--- AIM OF THE TASK ---
Return the line that has "Women's Plus Size Cropped Denim Jacket" and all lines below it through the last, exactly as they stand; omit pictures.

--- DATA EXCERPT ---
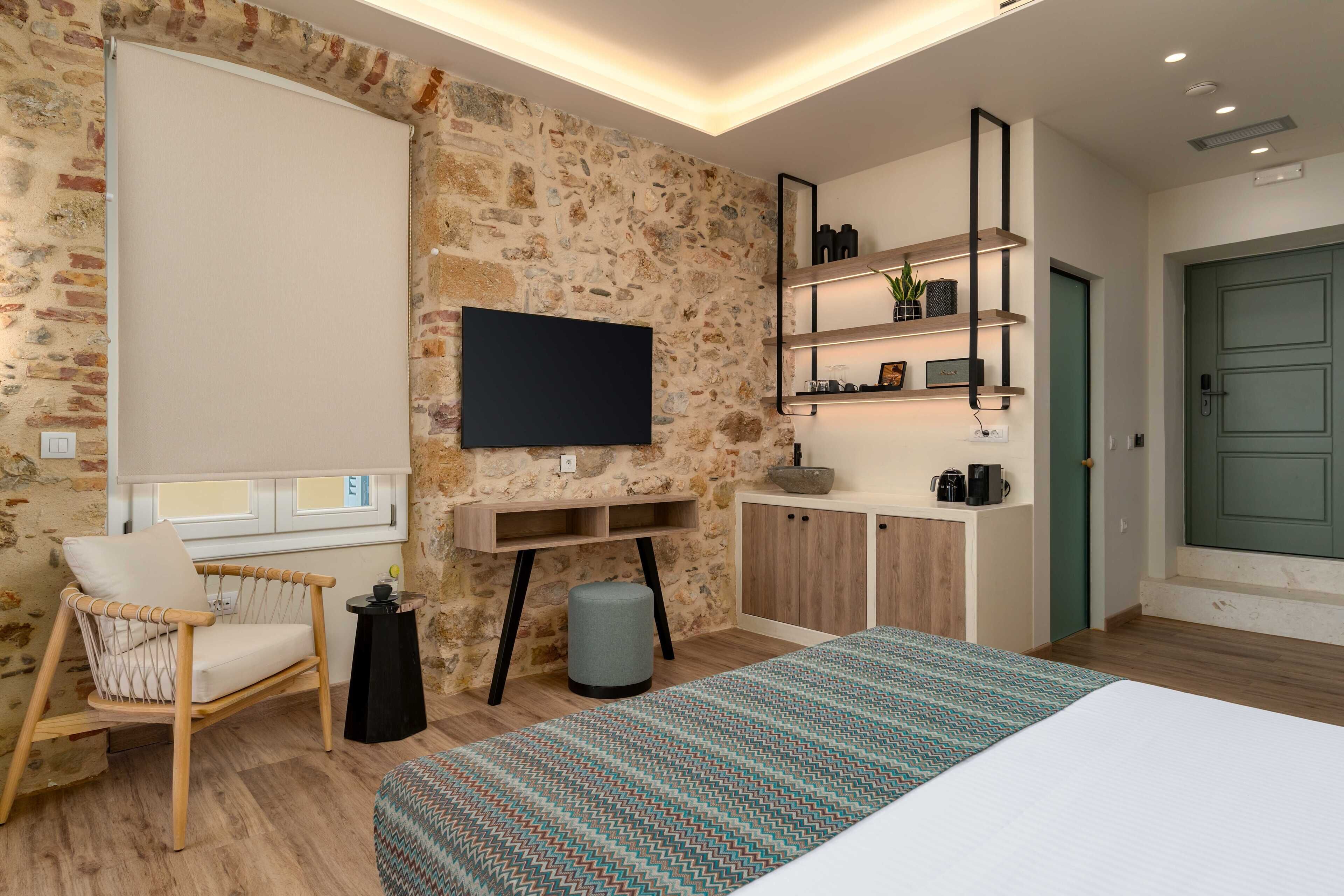 Yeeon Boutique City Hotel Gythio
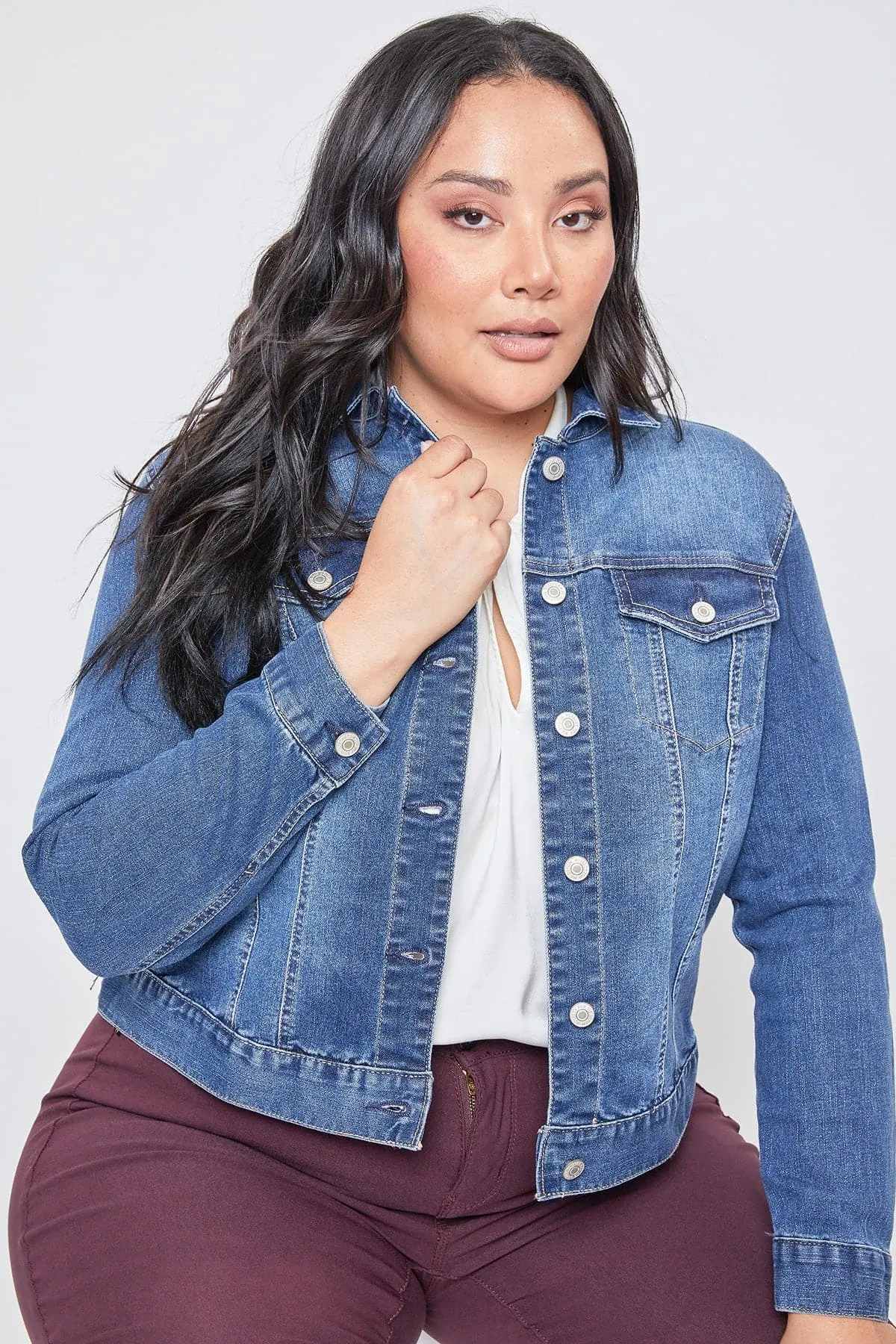 Women's Plus Size Cropped Denim Jacket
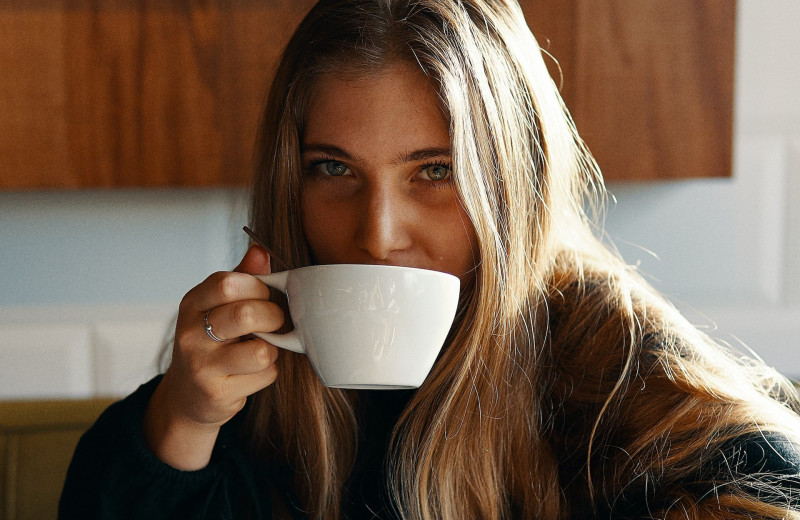 Как пить кофе, чтобы он не окрашивал зубы: советы врачей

--- WRITTEN ANSWER ---
 Women's Plus Size Cropped Denim Jacket
 Как пить кофе, чтобы он не окрашивал зубы: советы врачей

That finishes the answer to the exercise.